And it was in the third step: “polish and submit” at least one story a month. And the problem was fear of submitting less than her best work. The problem is that YOUR EDITING BRAIN WILL ALWAYS BE SMARTER THAN YOUR WRITING BRAIN. That means that no matter what you do, you CANNOT polish a story to absolute perfection. You can ALWAYS find something to polish or change or add or delete.

A person could spend their entire life polishing a one-page story, and never, ever get it “perfect.” So the “books aren’t finished. They escape” notion makes sense. The belief she needs to have is that she will learn more by writing her NEXT story than by polishing the last one forever.

The “chain” is designed to expose flaws in your process, and at one point I proposed a definition, asked a question, I think might be useful:

“What if when you said `I know how to do X’ you actually included all of the EMOTIONAL aspects, the MOTIVATIONAL aspects?”

In other words, if you know how to do pushups, know you need to strengthen yourself and consider pushups to be ideal, BUT CAN’T MOTIVATE YOURSELF TO DO THEM, then no, you don’t know how to do pushups. You may know the technical form, but the thing itself, the action, exists in the real world, not in your mind. The “ideal” of a pushup is interesting, but you can think about it for a year and it won’t do you as much good as the first actual physical motion.

“I know how to make a sandwich” but you’re sitting without moving? What would happen if you included the motivation to get you up in the definition of “make a sandwich?”

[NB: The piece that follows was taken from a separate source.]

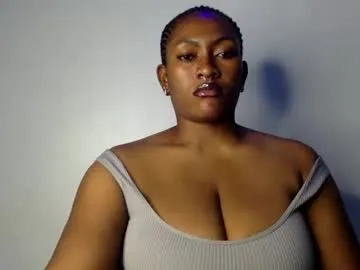 ambaar_moon_ – webcam model profile photo Image 3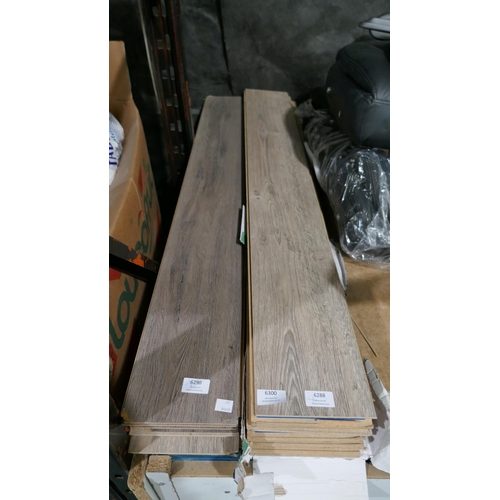 6300 - Laminate Hartford Oak Flooring and Urban Grey Oak Laminate Flooring (347-177, 348-259) *This lot is ...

There are two responses that seem commonplace to the statement “I don’t know how to do it.” First, people aren’t even likely to say that. They are more likely to say “it can’t be done” because their egos can’t accept that there might be things it doesn’t know.

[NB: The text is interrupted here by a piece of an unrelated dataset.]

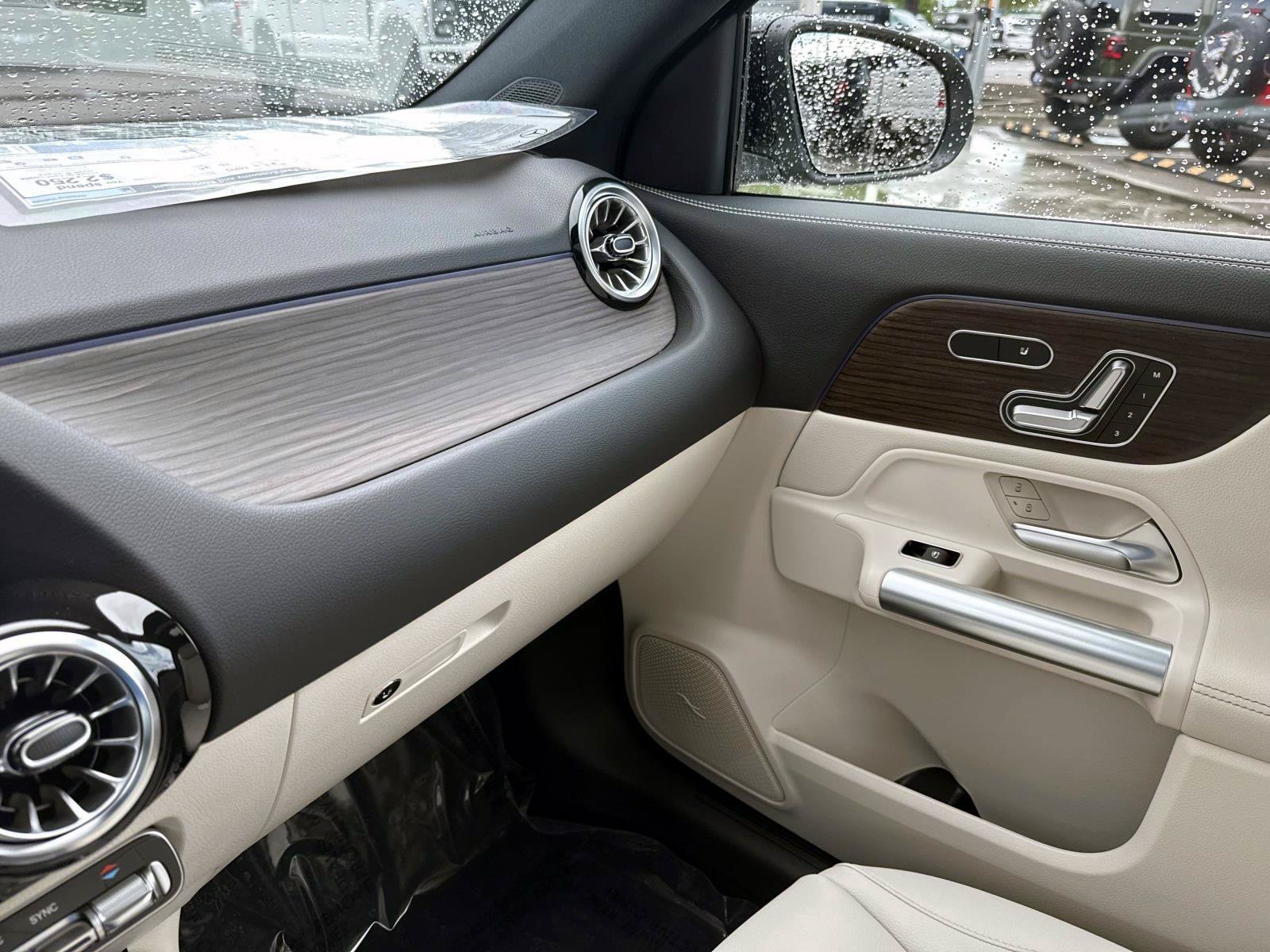 New 2026 Black Mercedes-Benz 250 SUV image 26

Second, “I don’t know how to do it” is often followed by “and therefore I cannot do it.” End of story. Fear and paralysis, and the “Incel” resentment of those who control the resource you want, or those who have succeeded where we have currently failed.

The HEALTHY statement is “I don’t know how to do it…but I can learn.” The WHAT then becomes “Learn how to X”, the WHY is “so that I can diminish pain, increase joy, and be of service.” The HOW would be all the modeling, research, therapy, networking, or whatever that it takes to move from “I can’t” to “I can.” It would be no exaggeration to say that a common belief of high performing people is “If I can’t, I must.”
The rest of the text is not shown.